■ WHAT TO PRODUCE ■
Your answer must be only the lines below from the one containing "Levi's Jean Shorts" through the one containing "Luxe Comfort Silikon", copied exactly, with the pictures left out.
+++ SOURCE DATA +++
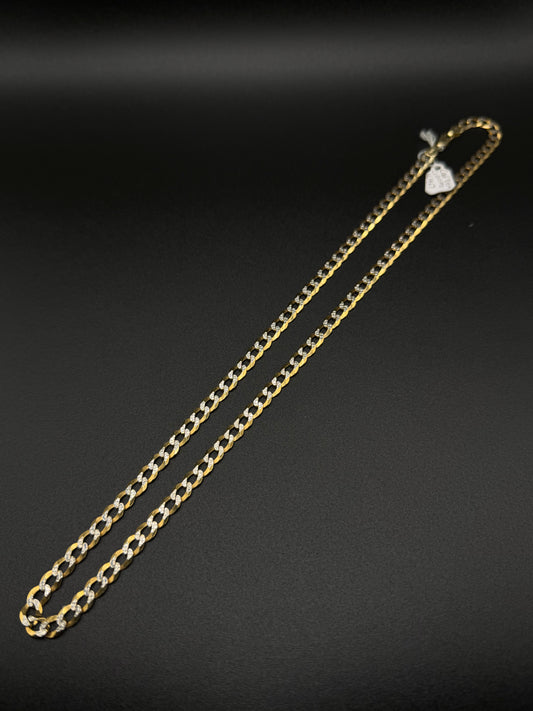 14K Gold Diamond Cut Cuban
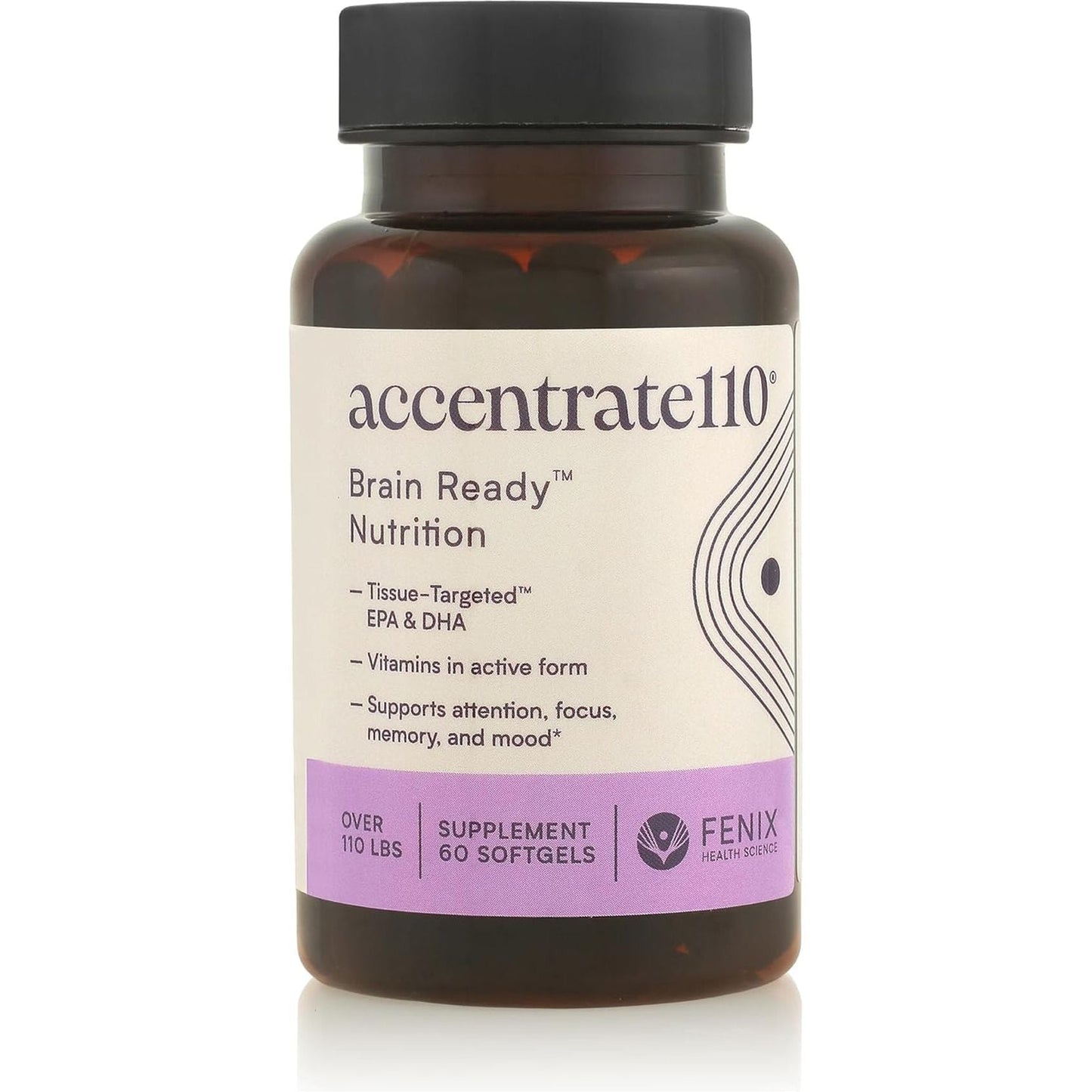 Accentrate110® - Focus Brain Supplement - Promotes Cognitive Function and Mental Clarity (60 Softgels)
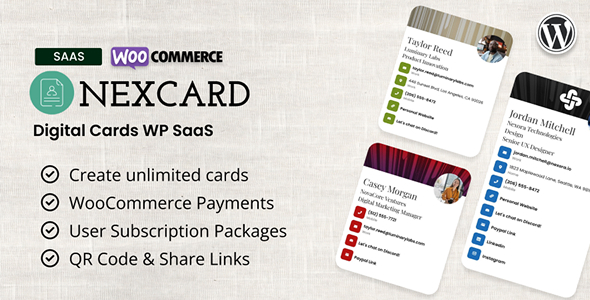 NexCard – vCard & Business Cards Builder WordPress SaaS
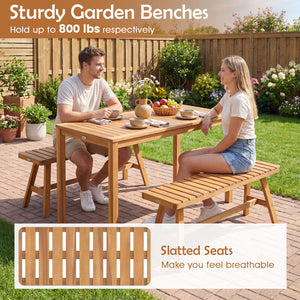 Acacia Wood Outdoor Garden Bench Set of 1/2 with Slatted Seat and 800 lbs Capacity-Set of 2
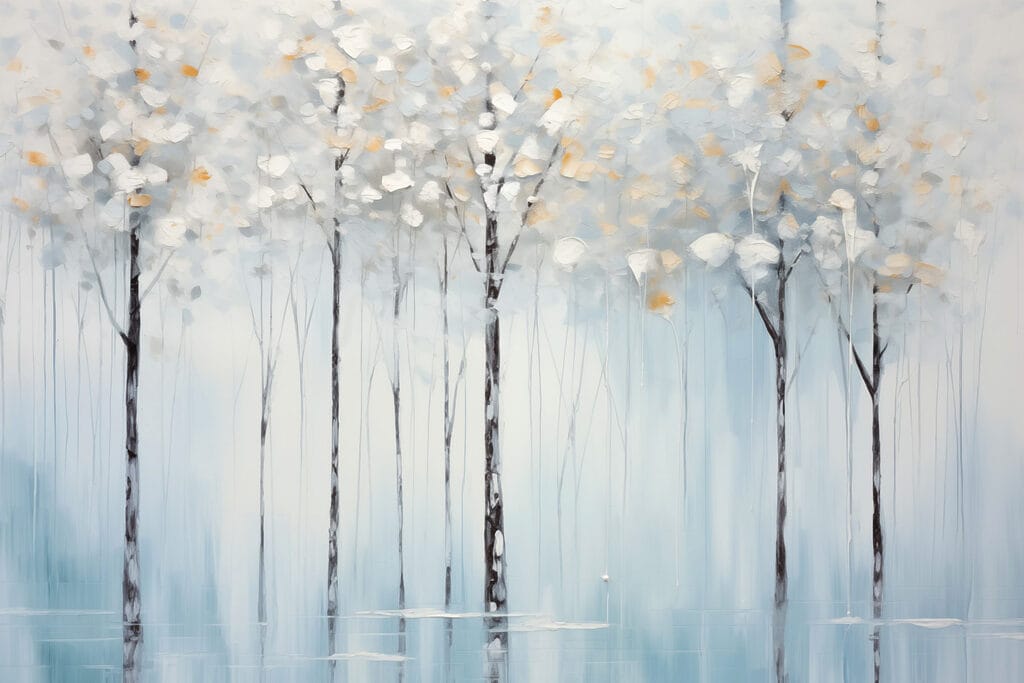 Painting of trees in a lake Painting of trees in a lake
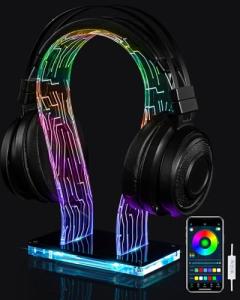 Acrylic RGB Headphone Stand with Music Sync Lights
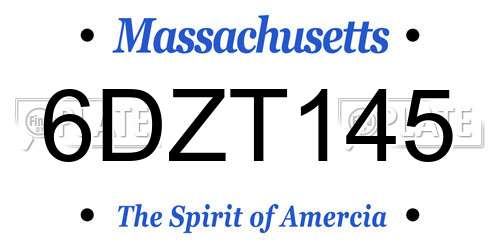 6DZT145 Massachusetts License Plate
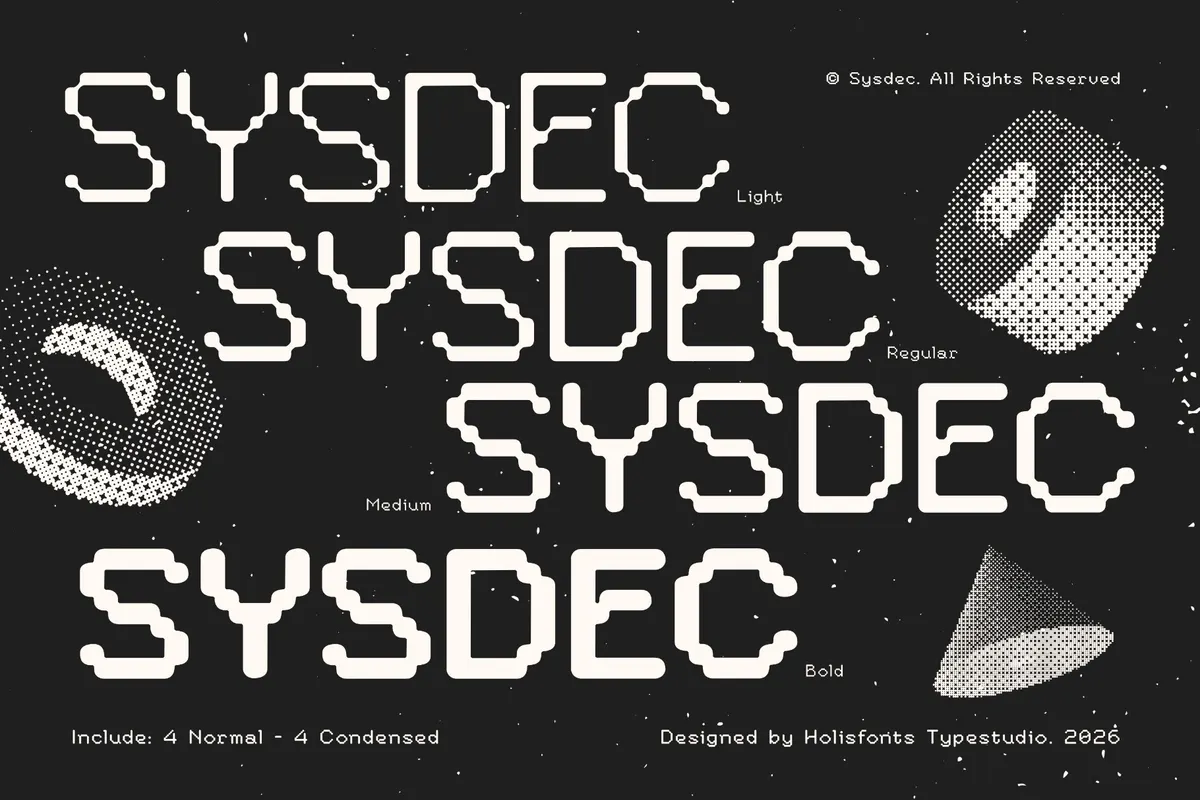 Sysdec - Futuristic Pixel Display Typeface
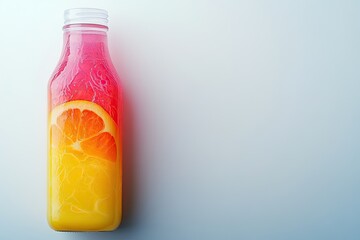 compact bottle of fruit-flavored milk with bright kid-friendly design isolated on white background with ample copy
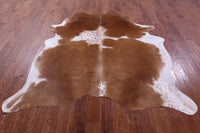 Thumbnail for Brown & White Natural Cowhide Rug - X-Large 7' 3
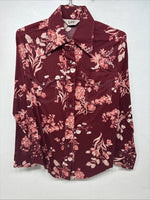 New Women’s Lee Red Floral Long Sleeve Pearl Snap Medium KK-6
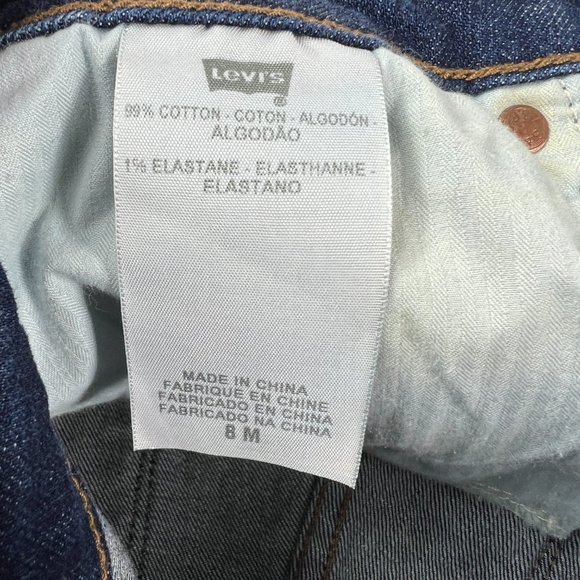 Levi's Jean Shorts Women's 29 Demi Curve Dark Blue Cut Offs Stretch Denim Jorts - Picture 5 of 14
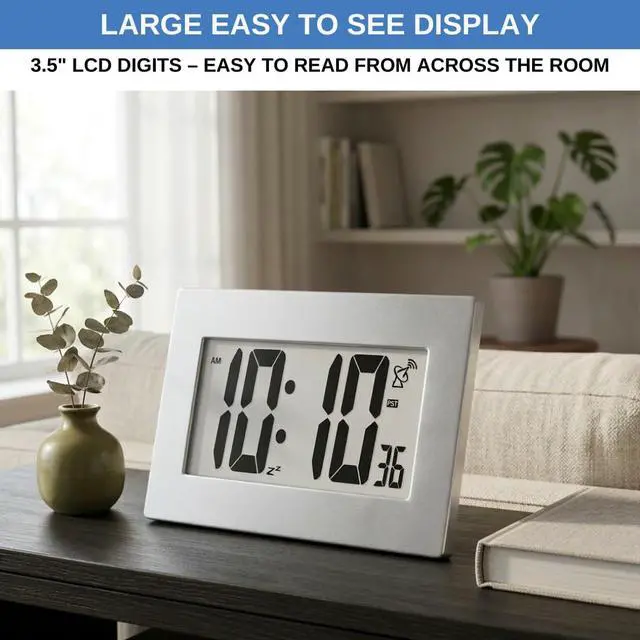 Alt view image 2 of 7 - Atomic Digital Wall Clock Large Display Battery Operated | Large Number Digital Clock Easy Read 3.5" LCD, Wall or Desk Clock, Alarm Snooze, 12/24 Hour for Kitchen Office Living Room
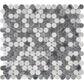 5 pack White and Gray 11.3 in. x 12.3 in. Penny Round with Dot Polished Marble Mosaic Tile (4.83 sq ft/case) - Sample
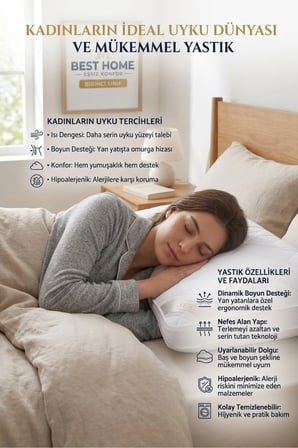 Luxe Comfort Silikon Elyaf Yastık 50x70 cm Orta Yumuşak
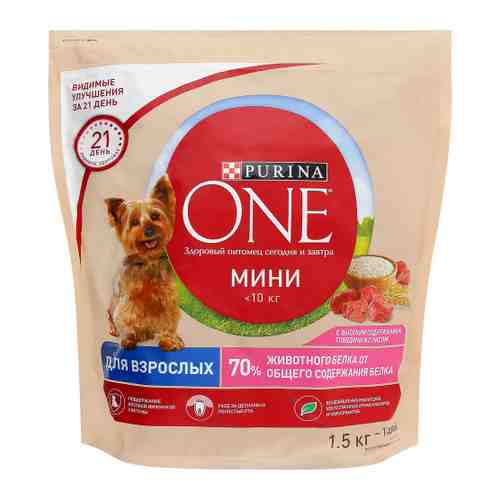 Корм сухой Purina One с высоким содержанием говядины и рисом для взрослых собак мелких и карликовых пород 1.5 кг арт. 3520197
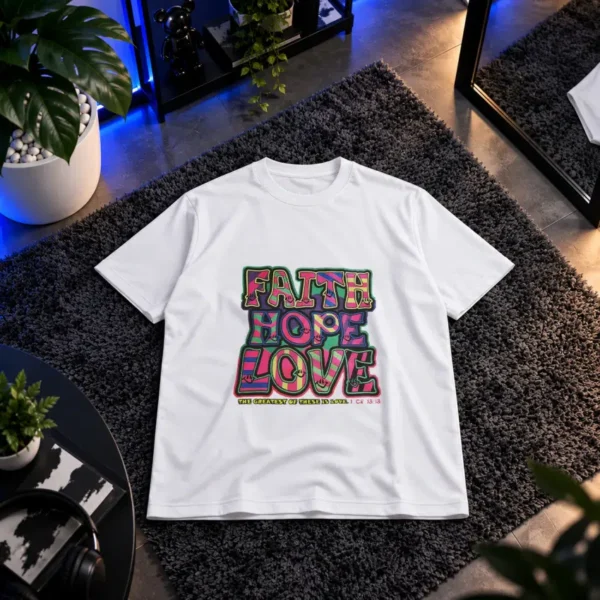 تیشرت تایپوگرافی Faith Hope Love رنگی
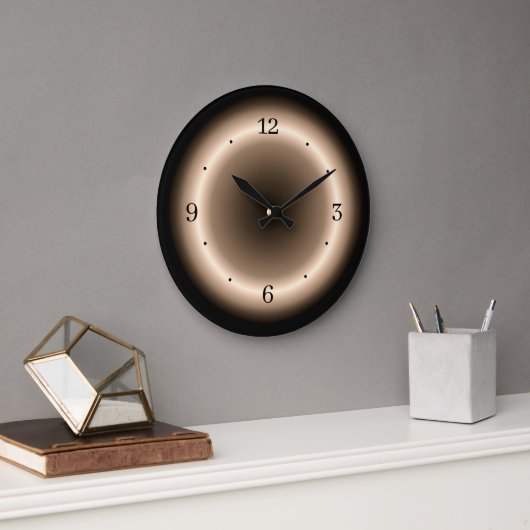 Sfeervolle Halo van crème op Tan Brown Wall Clock Grote Klok (Kantoor)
+++
■ SOLUTION FOR THIS TASK ■
 Levi's Jean Shorts Women's 29 Demi Curve Dark Blue Cut Offs Stretch Denim Jorts - Picture 5 of 14
 Alt view image 2 of 7 - Atomic Digital Wall Clock Large Display Battery Operated | Large Number Digital Clock Easy Read 3.5" LCD, Wall or Desk Clock, Alarm Snooze, 12/24 Hour for Kitchen Office Living Room
 5 pack White and Gray 11.3 in. x 12.3 in. Penny Round with Dot Polished Marble Mosaic Tile (4.83 sq ft/case) - Sample
 Luxe Comfort Silikon Elyaf Yastık 50x70 cm Orta Yumuşak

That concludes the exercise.